I am reminded of Jaques Rancierre's wiring on 'Aesthetic Separation, Aesthetic Community,' and given an excuse, unapologetic of the wild trajectory, to quote a whole paragraph, as does he, from Deleuze and Guattari's book, What is a Philosopher? To this day, I have yet to read a better definition of what artists do:
The writer twists language, makes it vibrate, seizes hold of it, and rends it in order to wrest the percept from perceptions, the affect from affections, the sensation from opinion - in view, one hopes, of that still missing people....This is, precisely, the task of all art and, from colours and sounds, new plastic or melodic landscapes, and new rhythmic characters that raise them to the height of earth's song and cry of humanity: that which constitutes tone, health, becoming, a visual and sonorous bloc.
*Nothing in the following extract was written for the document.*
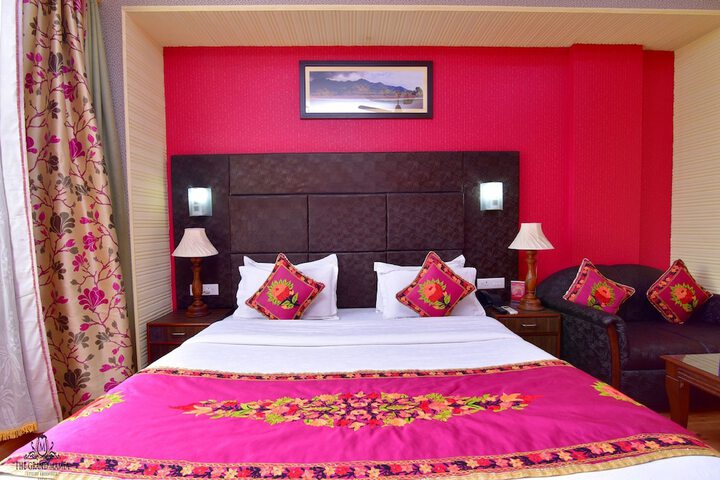 Room 6 of 29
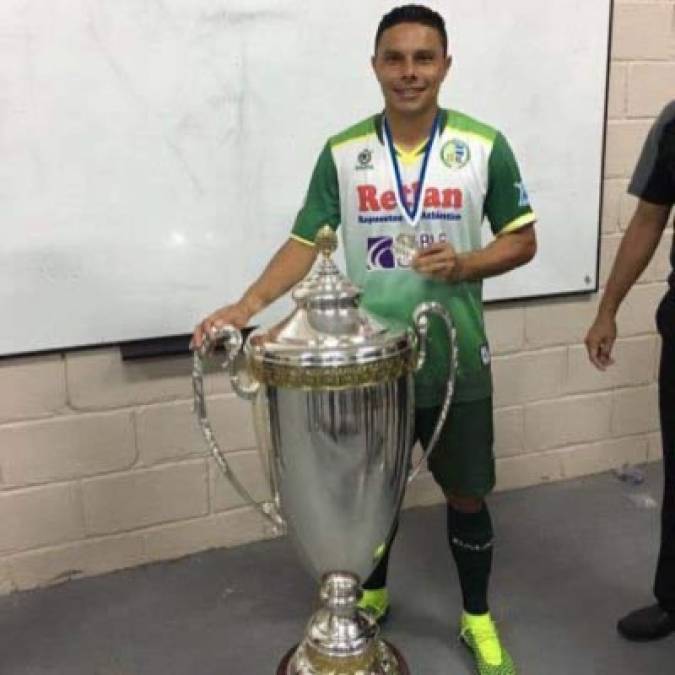 Horacio Parham: El experimentado delantero hondureño está jugando en el Tela FC de la segunda división.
A monument does not commemorate or celebrate something that happened but confides to the ear of the future the persistent sensations that embody the event: the constantly renewed suffering of men and women, their re-created protestations, their constantly resumed struggle. Will this all be in vain because suffering is eternal and revolutions do not survive their victory? But the success of a revolution resides only in itself, precisely the vibrations, clinches, and openings it gave to men and women that it is always in the process of becoming, like those tumuli to which each new traveller adds a stone.
(Gilles Deleuze and Felix Guattari, What is Philosophy?, trans. by Graham Burchel and Hugh Tomlinson, London: Verso, 1994, p.76.)